Donald Trump’s Female Trouble

by Heather Robinson

Expect Donald Trump to have big trouble in Wisconsin’s primary tomorrow – and beyond.

Female trouble.

Midway through the primary season, Donald Trump’s difficulty attracting women’s support is well acknowledged. But while recent polls have shown that between 70 and 75 percent of registered female voters hold an unfavorable view of the billionaire candidate, Trump’s campaign should be particularly concerned about the potential defection of conservative and independent women voters who might reconsider voting for him following his disastrous week of anti-woman stumbling.

By now most of the country knows about Trump’s defense of his campaign manager Corey Lewandowski, who last week was slapped with a battery charge for allegedly grabbing a female journalist’s arm hard enough to leave bruises. Then came Trump’s statement that, if abortion became illegal, women undergoing the procedure should be subjected to “some form of punishment.”

But as serious as these lapses were, Trump’s most costly mistake may have been his retweeting of an unflattering photograph of rival Republican candidate Ted Cruz’s wife, Heidi, alongside a glamorous picture of Trump’s own wife, Melania, accompanied by the words, “No need to spill the beans.”
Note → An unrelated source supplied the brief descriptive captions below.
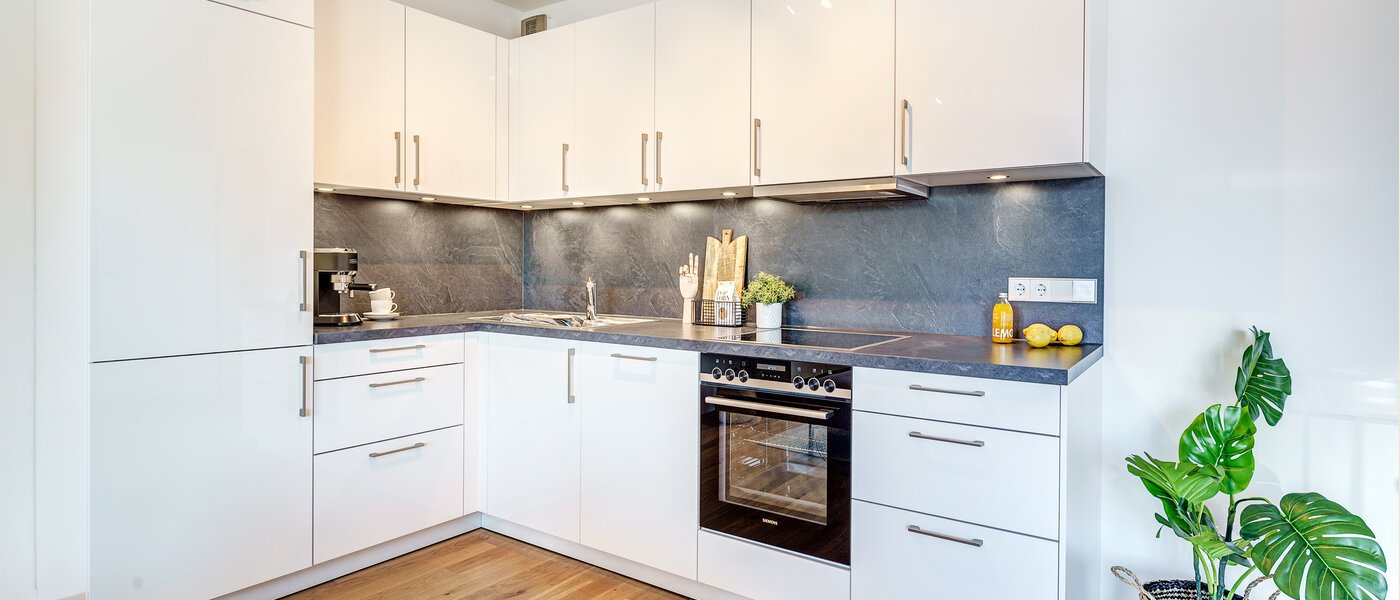 apartment München Au 01 kitchen 12517
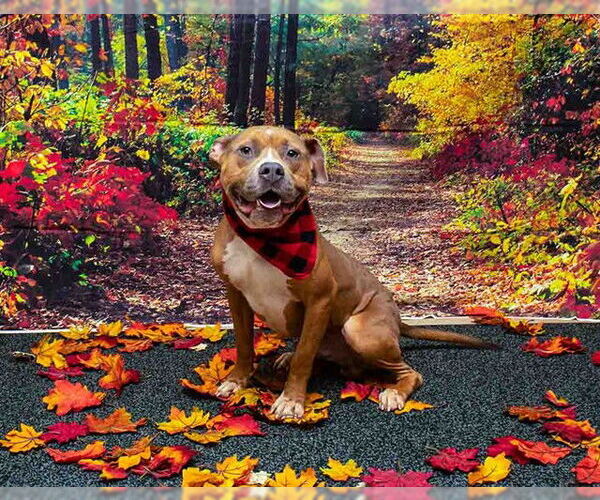 Medium Photo #2 American Pit Bull Terrier-Unknown Mix Puppy For Sale in Sanford, FL, USA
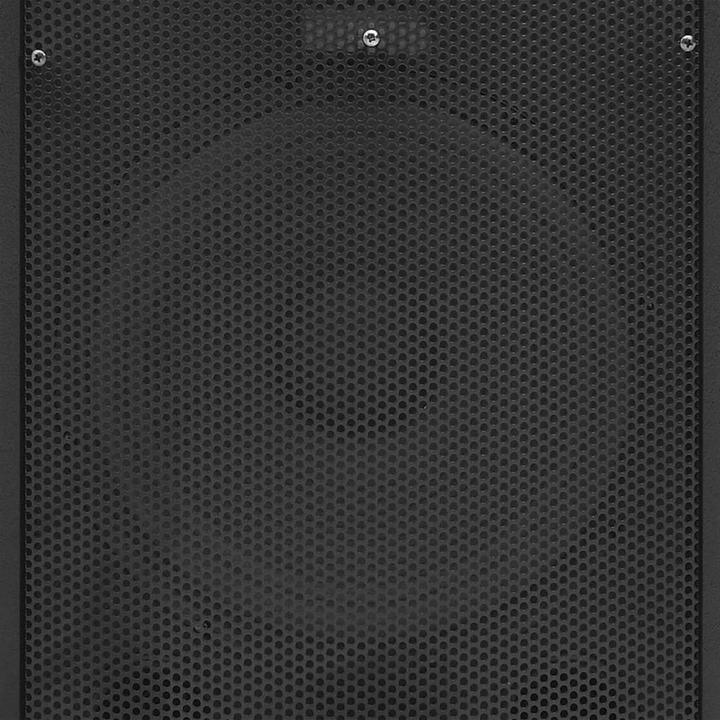 Actual product image Diverse Hardware Professioneller HiFi-/Bühnen-Lautsprecher Passiv 1000 W Schwarz (Passive, 1x 1000 W)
Trump’s tacit message – showing off his spouse’s beauty, presumably in comparison Heidi Cruz – was clear.

The reason this is the gaffe that could cost Trump most is that while most women, like most men, say they vote on the issues, in reality most people vote for President based on their own emotions about a candidate.

Trump hit women where it hurts this past week. And in the privacy of the voting booth, women may well hit him back hard.

Most American women look a lot more like Heidi Cruz than like Melania Trump. And that is at least partly because they, like Heidi and unlike Melania, bear multiple children, and work for a living.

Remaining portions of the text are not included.